Technical Notes: HIV exposure categories
An attempt is made to assign each HIV test to an exposure category based on what reported HIV risk factor information is collected on the requisition form. The exposure category is meant to represent an individual’s most likely means of HIV acquisition. The exposure categories are mutually exclusive.
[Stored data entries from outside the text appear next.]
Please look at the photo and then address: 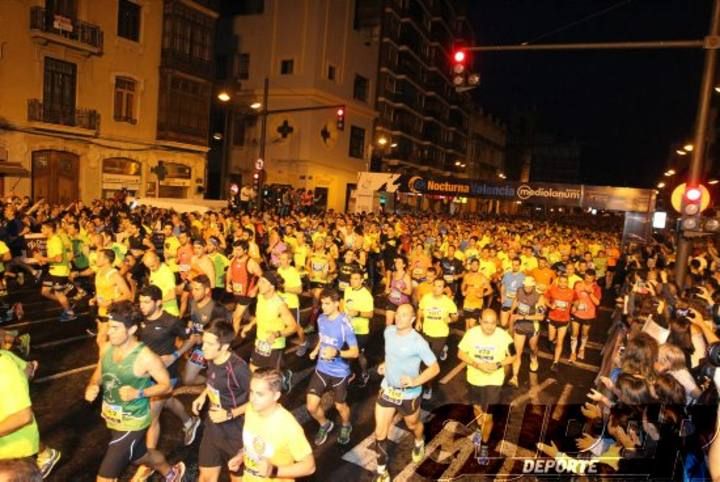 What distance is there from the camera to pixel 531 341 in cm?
966

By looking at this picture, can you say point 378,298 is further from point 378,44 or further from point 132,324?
point 378,44

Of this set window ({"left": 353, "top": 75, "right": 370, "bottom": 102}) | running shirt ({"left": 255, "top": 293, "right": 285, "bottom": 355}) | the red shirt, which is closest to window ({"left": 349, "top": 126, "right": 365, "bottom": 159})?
window ({"left": 353, "top": 75, "right": 370, "bottom": 102})

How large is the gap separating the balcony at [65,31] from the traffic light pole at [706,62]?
22123 mm

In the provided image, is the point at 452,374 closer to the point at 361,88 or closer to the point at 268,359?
the point at 268,359

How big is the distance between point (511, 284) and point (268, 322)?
5641mm

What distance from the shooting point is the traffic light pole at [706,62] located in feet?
29.0

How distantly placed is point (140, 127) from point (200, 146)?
13.1 ft

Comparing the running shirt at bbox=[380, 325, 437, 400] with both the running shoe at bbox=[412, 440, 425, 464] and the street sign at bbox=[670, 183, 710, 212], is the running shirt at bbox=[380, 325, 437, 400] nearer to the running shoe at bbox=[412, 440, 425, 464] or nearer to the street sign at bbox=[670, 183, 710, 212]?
the running shoe at bbox=[412, 440, 425, 464]

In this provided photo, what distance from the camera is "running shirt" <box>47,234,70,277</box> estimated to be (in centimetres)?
1047

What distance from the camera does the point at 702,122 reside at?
940 centimetres

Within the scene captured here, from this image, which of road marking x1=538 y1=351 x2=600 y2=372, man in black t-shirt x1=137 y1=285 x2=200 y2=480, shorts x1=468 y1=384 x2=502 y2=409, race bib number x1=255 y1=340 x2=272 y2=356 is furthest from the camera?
road marking x1=538 y1=351 x2=600 y2=372

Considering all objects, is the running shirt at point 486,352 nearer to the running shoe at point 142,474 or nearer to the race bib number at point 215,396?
the race bib number at point 215,396

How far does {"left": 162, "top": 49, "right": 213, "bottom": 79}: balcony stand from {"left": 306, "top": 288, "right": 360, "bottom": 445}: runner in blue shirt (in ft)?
91.8

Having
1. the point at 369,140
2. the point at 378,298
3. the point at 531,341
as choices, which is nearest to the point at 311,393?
the point at 531,341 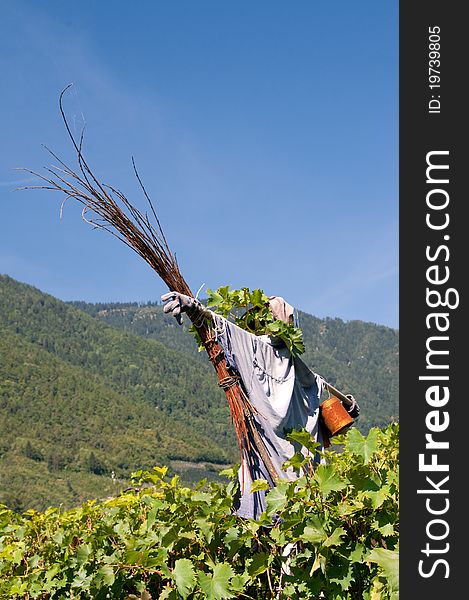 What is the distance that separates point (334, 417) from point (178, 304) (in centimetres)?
99

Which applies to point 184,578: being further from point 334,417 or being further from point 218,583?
point 334,417

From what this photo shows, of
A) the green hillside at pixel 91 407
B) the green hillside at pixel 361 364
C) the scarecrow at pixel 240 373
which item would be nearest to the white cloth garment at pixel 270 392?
the scarecrow at pixel 240 373

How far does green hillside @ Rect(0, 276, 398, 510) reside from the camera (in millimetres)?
70625

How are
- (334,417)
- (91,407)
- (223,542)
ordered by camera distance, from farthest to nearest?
(91,407)
(334,417)
(223,542)

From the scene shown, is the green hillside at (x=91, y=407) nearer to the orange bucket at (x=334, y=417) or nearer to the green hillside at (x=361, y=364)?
the green hillside at (x=361, y=364)

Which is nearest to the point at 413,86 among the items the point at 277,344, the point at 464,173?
the point at 464,173

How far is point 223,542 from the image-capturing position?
108 inches

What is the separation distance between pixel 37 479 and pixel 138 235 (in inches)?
2599

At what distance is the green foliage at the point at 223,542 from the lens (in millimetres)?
2176

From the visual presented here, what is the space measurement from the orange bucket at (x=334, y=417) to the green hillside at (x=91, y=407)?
2620cm

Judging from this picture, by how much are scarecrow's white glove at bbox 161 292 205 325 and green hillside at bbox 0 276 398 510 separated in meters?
26.6

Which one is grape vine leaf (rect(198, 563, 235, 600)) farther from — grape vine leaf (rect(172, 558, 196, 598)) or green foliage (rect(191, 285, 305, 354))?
green foliage (rect(191, 285, 305, 354))

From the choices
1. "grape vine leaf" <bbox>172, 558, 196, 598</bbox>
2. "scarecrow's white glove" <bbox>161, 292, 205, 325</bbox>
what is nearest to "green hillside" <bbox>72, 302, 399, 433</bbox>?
"scarecrow's white glove" <bbox>161, 292, 205, 325</bbox>

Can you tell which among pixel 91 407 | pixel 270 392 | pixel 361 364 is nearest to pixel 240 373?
pixel 270 392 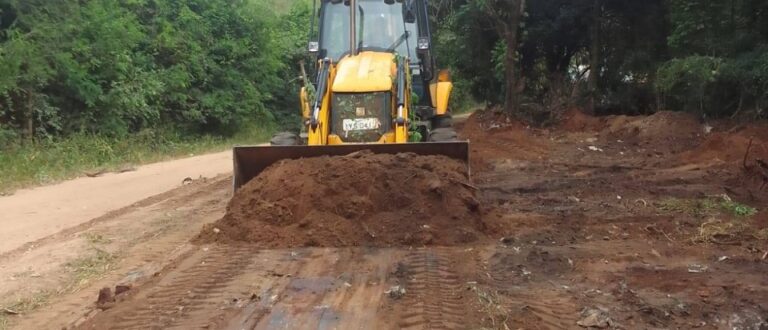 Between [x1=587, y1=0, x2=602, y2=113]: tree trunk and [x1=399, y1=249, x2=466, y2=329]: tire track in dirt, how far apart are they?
20.6m

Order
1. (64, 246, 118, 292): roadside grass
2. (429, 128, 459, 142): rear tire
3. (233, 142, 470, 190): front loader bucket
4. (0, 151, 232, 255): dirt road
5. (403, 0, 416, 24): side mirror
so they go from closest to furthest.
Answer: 1. (64, 246, 118, 292): roadside grass
2. (233, 142, 470, 190): front loader bucket
3. (0, 151, 232, 255): dirt road
4. (429, 128, 459, 142): rear tire
5. (403, 0, 416, 24): side mirror

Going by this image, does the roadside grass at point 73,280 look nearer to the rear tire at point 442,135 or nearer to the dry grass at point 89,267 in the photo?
the dry grass at point 89,267

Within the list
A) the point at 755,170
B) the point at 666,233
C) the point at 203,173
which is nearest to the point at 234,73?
the point at 203,173

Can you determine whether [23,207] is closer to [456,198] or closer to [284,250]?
[284,250]

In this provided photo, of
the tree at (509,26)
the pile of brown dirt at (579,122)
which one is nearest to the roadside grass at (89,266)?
the pile of brown dirt at (579,122)

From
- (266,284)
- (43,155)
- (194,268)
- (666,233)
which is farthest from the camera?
(43,155)

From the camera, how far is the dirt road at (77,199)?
10.4 m

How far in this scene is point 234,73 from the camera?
2905cm

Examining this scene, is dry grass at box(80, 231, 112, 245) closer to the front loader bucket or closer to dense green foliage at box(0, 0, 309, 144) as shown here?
the front loader bucket

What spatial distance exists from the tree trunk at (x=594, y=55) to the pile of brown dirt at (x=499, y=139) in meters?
3.30

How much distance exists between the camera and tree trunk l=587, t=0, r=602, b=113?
26670 millimetres

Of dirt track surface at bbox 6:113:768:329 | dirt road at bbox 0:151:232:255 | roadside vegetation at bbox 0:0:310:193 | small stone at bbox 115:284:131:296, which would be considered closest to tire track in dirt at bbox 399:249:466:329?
dirt track surface at bbox 6:113:768:329

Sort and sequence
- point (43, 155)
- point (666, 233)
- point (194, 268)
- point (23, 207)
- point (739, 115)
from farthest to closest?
point (739, 115) < point (43, 155) < point (23, 207) < point (666, 233) < point (194, 268)

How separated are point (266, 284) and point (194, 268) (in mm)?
1034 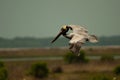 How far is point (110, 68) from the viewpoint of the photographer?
1767 inches

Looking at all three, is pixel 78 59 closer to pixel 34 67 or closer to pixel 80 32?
pixel 34 67

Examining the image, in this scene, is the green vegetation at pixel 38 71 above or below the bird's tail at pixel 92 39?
below

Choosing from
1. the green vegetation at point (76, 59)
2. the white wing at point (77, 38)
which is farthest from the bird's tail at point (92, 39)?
the green vegetation at point (76, 59)

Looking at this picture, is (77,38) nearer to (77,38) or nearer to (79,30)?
(77,38)

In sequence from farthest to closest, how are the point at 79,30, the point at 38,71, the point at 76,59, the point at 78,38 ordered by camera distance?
the point at 76,59
the point at 38,71
the point at 79,30
the point at 78,38

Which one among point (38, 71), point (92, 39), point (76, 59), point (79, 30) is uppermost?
point (79, 30)

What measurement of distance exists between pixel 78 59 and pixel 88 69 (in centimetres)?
445

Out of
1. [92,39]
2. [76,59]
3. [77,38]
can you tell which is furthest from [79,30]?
[76,59]

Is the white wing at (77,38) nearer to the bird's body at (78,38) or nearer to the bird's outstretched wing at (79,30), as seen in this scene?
the bird's body at (78,38)

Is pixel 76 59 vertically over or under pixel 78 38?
under

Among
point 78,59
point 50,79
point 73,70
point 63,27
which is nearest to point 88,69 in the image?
point 73,70

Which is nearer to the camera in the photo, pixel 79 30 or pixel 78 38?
pixel 78 38

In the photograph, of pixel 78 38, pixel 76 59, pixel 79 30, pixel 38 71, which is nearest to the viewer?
pixel 78 38

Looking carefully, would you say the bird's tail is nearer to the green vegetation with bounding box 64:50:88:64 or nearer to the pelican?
the pelican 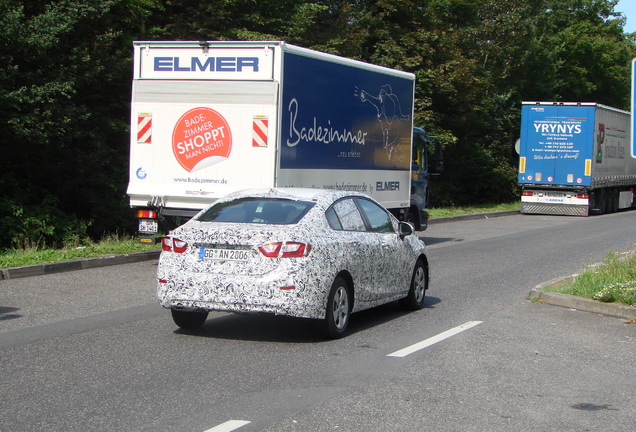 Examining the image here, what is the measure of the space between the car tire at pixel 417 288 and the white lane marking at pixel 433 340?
1.00 m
When more than one risk factor is reported for a single individual, a hierarchy is used to assign an HIV test to a single exposure category.
This hierarchy is as follows:
- Mother-to-child transmission (MTC): Being a child of an HIV-positive mother or aged less than 18 months
- Male-to-male sexual contact + injection drug use (IDU): Being male and indicating sex with men and injection drug use
- Male-to-male sexual contact: Being male and indicating sex with men
- Injection drug use (IDU): Indicating injection drug use
- HIV-endemic + heterosexual contact: (Country of birth is HIV-endemic or “Born in an HIV-endemic country” indicated as HIV risk factor) + indication of heterosexual contact (defined as being male or female and indicating sex with a person of the opposite sex/gender)
- HIV-endemic, no heterosexual contact: (Country of birth is HIV-endemic or “Born in an HIV-endemic country” indicated as HIV risk factor) + no indication of heterosexual contact as in 5a
- Heterosexual contact – partner with identified risk (PIR): Being male or female and indicating sex with a person of the opposite sex/gender who is either HIV-positive, uses injection drugs, born in an HIV-endemic country, or is a bisexual male.
- Heterosexual contact, no identified risk: Being male or female and indicating sex with a person of the opposite sex/gender who has no identified risk.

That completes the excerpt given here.